Hull based Medium 21 release the first album on Temptation Records, which is a new partnership between Fierce Panda and Island Records. They released a single on Fierce Panda last year and created a buzz by touring with Ed Harcourt and are now the lucky debutees on this label, with all the clout and money behind them from Island.
They might deserve this heavyweight backing though, as this debut album appears to be a fitting entrance to launch a new label, with front person John Clough not afraid of the grand gesture and quintessential Englishness that makes British indie sometimes worth the hype.

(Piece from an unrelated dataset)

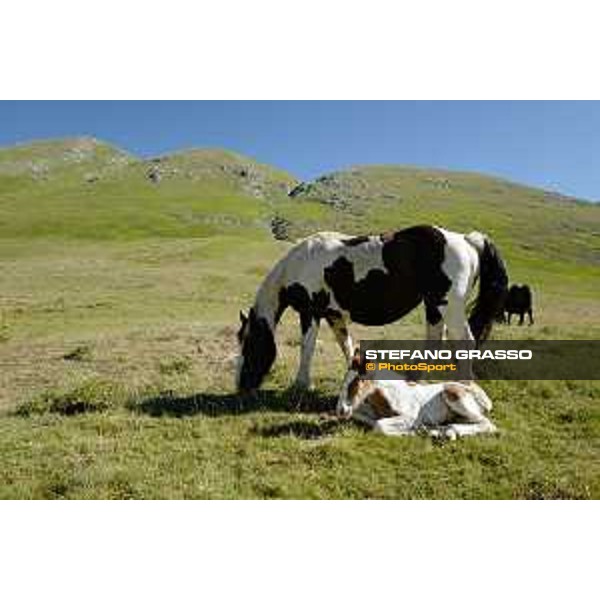 A day at Gran Sasso d’Italia Paint horses Campo Imperatore (AQ), 28 June 2021 Ph.Stefano Grasso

The first track The Plight Of Losing Out yells single and hit single at that. It starts morose and languid, heavy with twang guitar and tempts you with a pop rise to pull you into the verse, and then vocals begin, Clough’s unusual voice, low and slow, reminiscent of Ian Curtis, morphed with Edwyn Collins and Kevin Ayres dragging you into Medium 21’s world immediately.
Junctions In Our Sleep oozes in gently and then, heavy with ’80s bass sound whooshes you out of slumber, into another kind of slumber, a pop sleep, lazy but exciting, catchy. Daybreak vs Pride twitches in, early Echo & The Bunnymen, onto a hook, and you’re there on the line with them.
Nearly half of the songs on this LP are under three minutes long and they’re structured in a way to jumpstart your toes into tapping. It’s the essence of good songwriting, it’s not particularly unusual, but a good tune catches and keeps you. Poisoned Postcards however doesn’t have that immediacy.
The Wrong Road offers another direction. Folky acoustic guitars start and simple melody catches you with lyrical lovelies such as “the wrong road is the beautiful road”. But it’s a false catch, as Clough seems tempted to veer off into Jarvis Cocker largesse, but he resists and it’s delectable, teasing but never delivering the full-blown roar.
The Cable And The Cars is a harder tune, rockier, with punk interspersed with Boomtown Rats reminiscences. Catalyst disappoints, it plods, as does By My Side, but Black And White Summer is the beauty of the LP, lush with strings, romantic and longing. The Best Part lushes it up even more with harmonies not heard on the rest of the album, but it’s a good sound, and could be utilised more, especially with the strings bolstering the wall of sound.
Medium 21 are an fine amalgamation, essences of Mercury Rev and Dinosaur Jr and a harking back to 1982 is not unwelcome as the sounds feel better this time around. Punk and new wave held supreme in the early ’80s, but bands like Orange Juice and the Bunnymen were seminal and its nice to hear they live on. But it’s the voice in Medium 21 that grabs and holds, Clough’s deep trawl vocal relishes its English theatrical confusion and we will certainly hear more of Medium 21.